TASK TO COMPLETE »
Reproduce the records precisely. Every line should be included.

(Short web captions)
□ □ □

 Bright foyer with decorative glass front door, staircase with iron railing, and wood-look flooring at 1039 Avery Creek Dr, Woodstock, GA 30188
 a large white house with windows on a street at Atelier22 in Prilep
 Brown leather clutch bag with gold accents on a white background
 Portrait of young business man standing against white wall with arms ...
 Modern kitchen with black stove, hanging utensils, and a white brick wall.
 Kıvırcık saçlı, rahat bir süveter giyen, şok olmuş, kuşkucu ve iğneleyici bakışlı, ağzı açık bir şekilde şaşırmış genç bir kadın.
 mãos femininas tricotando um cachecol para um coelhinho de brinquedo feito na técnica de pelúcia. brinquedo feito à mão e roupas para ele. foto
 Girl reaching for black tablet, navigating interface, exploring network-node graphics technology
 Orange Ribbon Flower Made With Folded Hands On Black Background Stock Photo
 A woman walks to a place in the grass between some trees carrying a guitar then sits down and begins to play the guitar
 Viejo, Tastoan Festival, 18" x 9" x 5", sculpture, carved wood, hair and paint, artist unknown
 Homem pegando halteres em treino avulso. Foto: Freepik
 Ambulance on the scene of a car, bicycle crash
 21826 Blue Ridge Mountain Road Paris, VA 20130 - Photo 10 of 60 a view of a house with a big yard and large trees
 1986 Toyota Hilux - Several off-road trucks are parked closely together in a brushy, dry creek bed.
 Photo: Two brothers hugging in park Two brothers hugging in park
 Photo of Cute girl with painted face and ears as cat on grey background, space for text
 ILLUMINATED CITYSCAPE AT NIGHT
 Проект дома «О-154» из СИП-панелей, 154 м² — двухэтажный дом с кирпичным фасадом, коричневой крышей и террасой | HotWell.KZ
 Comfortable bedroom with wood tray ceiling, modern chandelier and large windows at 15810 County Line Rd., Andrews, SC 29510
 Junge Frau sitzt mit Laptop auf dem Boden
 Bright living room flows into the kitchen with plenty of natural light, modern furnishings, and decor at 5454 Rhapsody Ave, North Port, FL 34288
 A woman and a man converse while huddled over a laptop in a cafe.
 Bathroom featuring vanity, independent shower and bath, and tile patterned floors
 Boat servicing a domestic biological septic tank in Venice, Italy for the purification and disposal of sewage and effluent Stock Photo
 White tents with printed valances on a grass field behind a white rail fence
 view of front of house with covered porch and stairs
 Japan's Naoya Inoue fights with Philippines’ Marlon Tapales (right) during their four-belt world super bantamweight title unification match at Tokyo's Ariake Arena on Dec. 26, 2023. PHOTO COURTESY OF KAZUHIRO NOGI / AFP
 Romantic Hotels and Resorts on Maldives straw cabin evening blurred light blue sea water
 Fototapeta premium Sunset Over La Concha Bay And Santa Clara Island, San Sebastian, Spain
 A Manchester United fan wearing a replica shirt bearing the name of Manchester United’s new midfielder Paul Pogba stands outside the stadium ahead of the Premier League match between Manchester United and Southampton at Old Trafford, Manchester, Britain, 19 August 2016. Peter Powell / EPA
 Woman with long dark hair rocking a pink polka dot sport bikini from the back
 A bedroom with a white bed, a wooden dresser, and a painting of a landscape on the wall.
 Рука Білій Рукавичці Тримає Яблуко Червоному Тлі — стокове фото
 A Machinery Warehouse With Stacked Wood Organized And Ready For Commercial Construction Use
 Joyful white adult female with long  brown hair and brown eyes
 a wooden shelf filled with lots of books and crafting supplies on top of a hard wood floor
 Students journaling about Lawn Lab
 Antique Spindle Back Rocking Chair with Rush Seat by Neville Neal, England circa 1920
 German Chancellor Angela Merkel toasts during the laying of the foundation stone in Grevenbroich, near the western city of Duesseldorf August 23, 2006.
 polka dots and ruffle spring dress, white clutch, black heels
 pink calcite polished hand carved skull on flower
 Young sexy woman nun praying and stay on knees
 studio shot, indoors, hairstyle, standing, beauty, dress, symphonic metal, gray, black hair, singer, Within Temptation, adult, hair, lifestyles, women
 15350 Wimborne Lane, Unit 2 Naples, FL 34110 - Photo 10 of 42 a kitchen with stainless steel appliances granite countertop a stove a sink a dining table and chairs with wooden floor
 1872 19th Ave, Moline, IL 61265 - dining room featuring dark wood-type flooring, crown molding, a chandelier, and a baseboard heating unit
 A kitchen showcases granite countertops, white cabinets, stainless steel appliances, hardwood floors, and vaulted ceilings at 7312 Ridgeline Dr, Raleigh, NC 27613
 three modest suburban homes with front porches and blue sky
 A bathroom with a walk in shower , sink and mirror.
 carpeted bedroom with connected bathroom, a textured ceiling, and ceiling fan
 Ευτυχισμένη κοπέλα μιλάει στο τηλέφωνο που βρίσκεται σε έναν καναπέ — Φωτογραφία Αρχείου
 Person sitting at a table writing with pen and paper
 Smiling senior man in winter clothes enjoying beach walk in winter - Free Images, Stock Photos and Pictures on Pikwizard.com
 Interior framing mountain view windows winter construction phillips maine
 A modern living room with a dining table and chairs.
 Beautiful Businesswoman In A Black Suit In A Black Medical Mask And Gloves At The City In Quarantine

□ □ □

SOLUTION TO THIS EXERCISE »
 Bright foyer with decorative glass front door, staircase with iron railing, and wood-look flooring at 1039 Avery Creek Dr, Woodstock, GA 30188
 a large white house with windows on a street at Atelier22 in Prilep
 Brown leather clutch bag with gold accents on a white background
 Portrait of young business man standing against white wall with arms ...
 Modern kitchen with black stove, hanging utensils, and a white brick wall.
 Kıvırcık saçlı, rahat bir süveter giyen, şok olmuş, kuşkucu ve iğneleyici bakışlı, ağzı açık bir şekilde şaşırmış genç bir kadın.
 mãos femininas tricotando um cachecol para um coelhinho de brinquedo feito na técnica de pelúcia. brinquedo feito à mão e roupas para ele. foto
 Girl reaching for black tablet, navigating interface, exploring network-node graphics technology
 Orange Ribbon Flower Made With Folded Hands On Black Background Stock Photo
 A woman walks to a place in the grass between some trees carrying a guitar then sits down and begins to play the guitar
 Viejo, Tastoan Festival, 18" x 9" x 5", sculpture, carved wood, hair and paint, artist unknown
 Homem pegando halteres em treino avulso. Foto: Freepik
 Ambulance on the scene of a car, bicycle crash
 21826 Blue Ridge Mountain Road Paris, VA 20130 - Photo 10 of 60 a view of a house with a big yard and large trees
 1986 Toyota Hilux - Several off-road trucks are parked closely together in a brushy, dry creek bed.
 Photo: Two brothers hugging in park Two brothers hugging in park
 Photo of Cute girl with painted face and ears as cat on grey background, space for text
 ILLUMINATED CITYSCAPE AT NIGHT
 Проект дома «О-154» из СИП-панелей, 154 м² — двухэтажный дом с кирпичным фасадом, коричневой крышей и террасой | HotWell.KZ
 Comfortable bedroom with wood tray ceiling, modern chandelier and large windows at 15810 County Line Rd., Andrews, SC 29510
 Junge Frau sitzt mit Laptop auf dem Boden
 Bright living room flows into the kitchen with plenty of natural light, modern furnishings, and decor at 5454 Rhapsody Ave, North Port, FL 34288
 A woman and a man converse while huddled over a laptop in a cafe.
 Bathroom featuring vanity, independent shower and bath, and tile patterned floors
 Boat servicing a domestic biological septic tank in Venice, Italy for the purification and disposal of sewage and effluent Stock Photo
 White tents with printed valances on a grass field behind a white rail fence
 view of front of house with covered porch and stairs
 Japan's Naoya Inoue fights with Philippines’ Marlon Tapales (right) during their four-belt world super bantamweight title unification match at Tokyo's Ariake Arena on Dec. 26, 2023. PHOTO COURTESY OF KAZUHIRO NOGI / AFP
 Romantic Hotels and Resorts on Maldives straw cabin evening blurred light blue sea water
 Fototapeta premium Sunset Over La Concha Bay And Santa Clara Island, San Sebastian, Spain
 A Manchester United fan wearing a replica shirt bearing the name of Manchester United’s new midfielder Paul Pogba stands outside the stadium ahead of the Premier League match between Manchester United and Southampton at Old Trafford, Manchester, Britain, 19 August 2016. Peter Powell / EPA
 Woman with long dark hair rocking a pink polka dot sport bikini from the back
 A bedroom with a white bed, a wooden dresser, and a painting of a landscape on the wall.
 Рука Білій Рукавичці Тримає Яблуко Червоному Тлі — стокове фото
 A Machinery Warehouse With Stacked Wood Organized And Ready For Commercial Construction Use
 Joyful white adult female with long  brown hair and brown eyes
 a wooden shelf filled with lots of books and crafting supplies on top of a hard wood floor
 Students journaling about Lawn Lab
 Antique Spindle Back Rocking Chair with Rush Seat by Neville Neal, England circa 1920
 German Chancellor Angela Merkel toasts during the laying of the foundation stone in Grevenbroich, near the western city of Duesseldorf August 23, 2006.
 polka dots and ruffle spring dress, white clutch, black heels
 pink calcite polished hand carved skull on flower
 Young sexy woman nun praying and stay on knees
 studio shot, indoors, hairstyle, standing, beauty, dress, symphonic metal, gray, black hair, singer, Within Temptation, adult, hair, lifestyles, women
 15350 Wimborne Lane, Unit 2 Naples, FL 34110 - Photo 10 of 42 a kitchen with stainless steel appliances granite countertop a stove a sink a dining table and chairs with wooden floor
 1872 19th Ave, Moline, IL 61265 - dining room featuring dark wood-type flooring, crown molding, a chandelier, and a baseboard heating unit
 A kitchen showcases granite countertops, white cabinets, stainless steel appliances, hardwood floors, and vaulted ceilings at 7312 Ridgeline Dr, Raleigh, NC 27613
 three modest suburban homes with front porches and blue sky
 A bathroom with a walk in shower , sink and mirror.
 carpeted bedroom with connected bathroom, a textured ceiling, and ceiling fan
 Ευτυχισμένη κοπέλα μιλάει στο τηλέφωνο που βρίσκεται σε έναν καναπέ — Φωτογραφία Αρχείου
 Person sitting at a table writing with pen and paper
 Smiling senior man in winter clothes enjoying beach walk in winter - Free Images, Stock Photos and Pictures on Pikwizard.com
 Interior framing mountain view windows winter construction phillips maine
 A modern living room with a dining table and chairs.
 Beautiful Businesswoman In A Black Suit In A Black Medical Mask And Gloves At The City In Quarantine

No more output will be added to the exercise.